- Instructions to follow
Copy each line containing "avec" from the listing below.

- Data to process

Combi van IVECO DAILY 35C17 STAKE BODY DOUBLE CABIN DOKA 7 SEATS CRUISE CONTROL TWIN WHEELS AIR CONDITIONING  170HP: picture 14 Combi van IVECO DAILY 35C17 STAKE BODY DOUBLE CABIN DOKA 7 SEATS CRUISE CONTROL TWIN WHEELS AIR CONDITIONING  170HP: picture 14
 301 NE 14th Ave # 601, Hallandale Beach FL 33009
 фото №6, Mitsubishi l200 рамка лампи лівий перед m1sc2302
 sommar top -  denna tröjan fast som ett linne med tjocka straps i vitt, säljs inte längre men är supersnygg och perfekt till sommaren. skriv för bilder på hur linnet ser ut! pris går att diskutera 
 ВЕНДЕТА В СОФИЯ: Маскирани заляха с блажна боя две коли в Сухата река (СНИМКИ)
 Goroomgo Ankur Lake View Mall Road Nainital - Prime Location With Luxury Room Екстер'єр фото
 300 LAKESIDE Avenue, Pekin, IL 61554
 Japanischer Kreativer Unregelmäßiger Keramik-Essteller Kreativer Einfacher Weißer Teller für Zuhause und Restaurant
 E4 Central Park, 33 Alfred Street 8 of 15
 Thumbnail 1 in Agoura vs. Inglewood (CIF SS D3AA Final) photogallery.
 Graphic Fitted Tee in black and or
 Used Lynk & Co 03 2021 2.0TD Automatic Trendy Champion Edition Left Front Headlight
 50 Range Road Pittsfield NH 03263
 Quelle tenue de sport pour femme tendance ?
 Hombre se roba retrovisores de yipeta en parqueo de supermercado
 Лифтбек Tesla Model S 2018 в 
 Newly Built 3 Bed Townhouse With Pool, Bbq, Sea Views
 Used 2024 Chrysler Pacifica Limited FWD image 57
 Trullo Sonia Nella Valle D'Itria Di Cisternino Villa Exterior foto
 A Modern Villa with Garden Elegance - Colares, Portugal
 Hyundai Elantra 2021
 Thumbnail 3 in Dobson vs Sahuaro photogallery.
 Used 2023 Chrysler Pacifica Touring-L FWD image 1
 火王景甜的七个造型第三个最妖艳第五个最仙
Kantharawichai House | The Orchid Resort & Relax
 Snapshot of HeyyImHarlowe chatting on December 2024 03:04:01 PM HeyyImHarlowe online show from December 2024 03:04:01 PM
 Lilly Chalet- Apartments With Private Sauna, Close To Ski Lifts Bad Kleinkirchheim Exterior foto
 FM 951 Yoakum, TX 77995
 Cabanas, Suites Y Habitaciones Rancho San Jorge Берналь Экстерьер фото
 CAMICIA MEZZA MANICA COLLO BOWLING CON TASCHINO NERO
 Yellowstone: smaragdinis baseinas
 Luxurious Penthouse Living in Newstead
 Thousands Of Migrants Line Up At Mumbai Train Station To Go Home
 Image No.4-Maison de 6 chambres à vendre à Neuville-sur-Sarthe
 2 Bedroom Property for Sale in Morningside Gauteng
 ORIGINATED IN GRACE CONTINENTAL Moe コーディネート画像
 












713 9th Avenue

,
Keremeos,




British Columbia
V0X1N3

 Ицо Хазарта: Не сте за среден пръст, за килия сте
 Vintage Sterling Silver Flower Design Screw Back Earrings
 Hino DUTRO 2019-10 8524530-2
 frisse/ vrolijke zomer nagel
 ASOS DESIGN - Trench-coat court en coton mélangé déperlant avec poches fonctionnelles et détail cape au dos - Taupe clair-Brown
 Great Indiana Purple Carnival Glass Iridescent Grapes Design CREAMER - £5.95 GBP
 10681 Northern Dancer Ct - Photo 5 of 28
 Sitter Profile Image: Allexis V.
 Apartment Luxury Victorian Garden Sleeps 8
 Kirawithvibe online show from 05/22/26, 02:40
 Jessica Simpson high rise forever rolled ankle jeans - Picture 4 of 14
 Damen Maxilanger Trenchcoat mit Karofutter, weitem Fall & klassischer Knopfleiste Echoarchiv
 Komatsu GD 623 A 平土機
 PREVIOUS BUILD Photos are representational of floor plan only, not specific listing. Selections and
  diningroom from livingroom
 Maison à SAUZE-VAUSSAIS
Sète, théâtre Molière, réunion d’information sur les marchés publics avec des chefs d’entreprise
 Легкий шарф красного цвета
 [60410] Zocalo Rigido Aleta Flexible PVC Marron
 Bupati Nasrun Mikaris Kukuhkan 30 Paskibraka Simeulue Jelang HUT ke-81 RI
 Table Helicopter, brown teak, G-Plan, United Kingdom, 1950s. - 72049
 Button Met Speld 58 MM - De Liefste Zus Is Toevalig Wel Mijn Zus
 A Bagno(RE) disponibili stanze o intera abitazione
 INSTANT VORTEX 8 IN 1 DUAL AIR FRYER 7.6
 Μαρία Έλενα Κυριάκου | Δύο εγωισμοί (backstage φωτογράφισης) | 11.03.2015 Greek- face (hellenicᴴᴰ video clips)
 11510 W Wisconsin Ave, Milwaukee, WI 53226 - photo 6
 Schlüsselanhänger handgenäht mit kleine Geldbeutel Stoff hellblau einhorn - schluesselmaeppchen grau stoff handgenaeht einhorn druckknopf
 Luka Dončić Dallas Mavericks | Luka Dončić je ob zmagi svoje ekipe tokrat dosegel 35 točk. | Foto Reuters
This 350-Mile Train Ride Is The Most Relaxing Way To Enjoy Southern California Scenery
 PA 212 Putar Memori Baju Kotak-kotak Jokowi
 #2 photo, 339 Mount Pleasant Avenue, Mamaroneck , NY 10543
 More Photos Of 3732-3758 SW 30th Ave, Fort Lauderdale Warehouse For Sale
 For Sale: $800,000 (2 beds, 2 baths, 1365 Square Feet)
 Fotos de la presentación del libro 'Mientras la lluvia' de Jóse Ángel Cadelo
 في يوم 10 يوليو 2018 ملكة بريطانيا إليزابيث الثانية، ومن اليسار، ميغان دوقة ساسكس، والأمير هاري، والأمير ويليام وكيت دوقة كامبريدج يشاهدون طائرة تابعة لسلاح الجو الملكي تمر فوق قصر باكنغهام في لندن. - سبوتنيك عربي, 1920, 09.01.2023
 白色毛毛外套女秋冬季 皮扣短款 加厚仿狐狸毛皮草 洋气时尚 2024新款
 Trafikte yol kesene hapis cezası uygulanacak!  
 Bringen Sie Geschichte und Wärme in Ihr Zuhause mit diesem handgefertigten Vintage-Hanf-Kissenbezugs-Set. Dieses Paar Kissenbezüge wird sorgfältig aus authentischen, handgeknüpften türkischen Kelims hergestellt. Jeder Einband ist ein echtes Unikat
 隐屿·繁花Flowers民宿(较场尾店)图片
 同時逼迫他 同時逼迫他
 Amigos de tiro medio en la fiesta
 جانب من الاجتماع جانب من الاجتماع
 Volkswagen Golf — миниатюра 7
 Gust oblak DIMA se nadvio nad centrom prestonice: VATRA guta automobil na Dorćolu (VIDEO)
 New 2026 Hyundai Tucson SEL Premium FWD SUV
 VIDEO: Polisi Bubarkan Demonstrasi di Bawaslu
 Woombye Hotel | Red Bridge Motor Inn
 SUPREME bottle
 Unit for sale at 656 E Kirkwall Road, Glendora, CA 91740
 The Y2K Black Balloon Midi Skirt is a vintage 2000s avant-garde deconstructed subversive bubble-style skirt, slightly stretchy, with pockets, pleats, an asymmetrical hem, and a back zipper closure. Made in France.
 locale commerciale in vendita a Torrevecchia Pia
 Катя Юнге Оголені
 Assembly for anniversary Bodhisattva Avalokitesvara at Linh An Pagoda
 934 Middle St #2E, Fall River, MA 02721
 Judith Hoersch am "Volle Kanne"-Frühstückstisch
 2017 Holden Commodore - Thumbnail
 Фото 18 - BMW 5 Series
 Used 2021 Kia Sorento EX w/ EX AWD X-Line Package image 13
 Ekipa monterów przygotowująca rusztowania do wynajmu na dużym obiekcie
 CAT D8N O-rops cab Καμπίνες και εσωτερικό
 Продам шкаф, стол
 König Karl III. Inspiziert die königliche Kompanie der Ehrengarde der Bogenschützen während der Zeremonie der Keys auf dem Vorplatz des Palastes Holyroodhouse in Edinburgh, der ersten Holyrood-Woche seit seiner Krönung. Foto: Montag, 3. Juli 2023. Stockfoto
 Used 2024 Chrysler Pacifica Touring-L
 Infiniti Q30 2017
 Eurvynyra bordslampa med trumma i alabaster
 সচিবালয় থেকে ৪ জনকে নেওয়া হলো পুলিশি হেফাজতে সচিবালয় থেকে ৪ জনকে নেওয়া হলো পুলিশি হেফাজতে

- Written response
 ASOS DESIGN - Trench-coat court en coton mélangé déperlant avec poches fonctionnelles et détail cape au dos - Taupe clair-Brown
Sète, théâtre Molière, réunion d’information sur les marchés publics avec des chefs d’entreprise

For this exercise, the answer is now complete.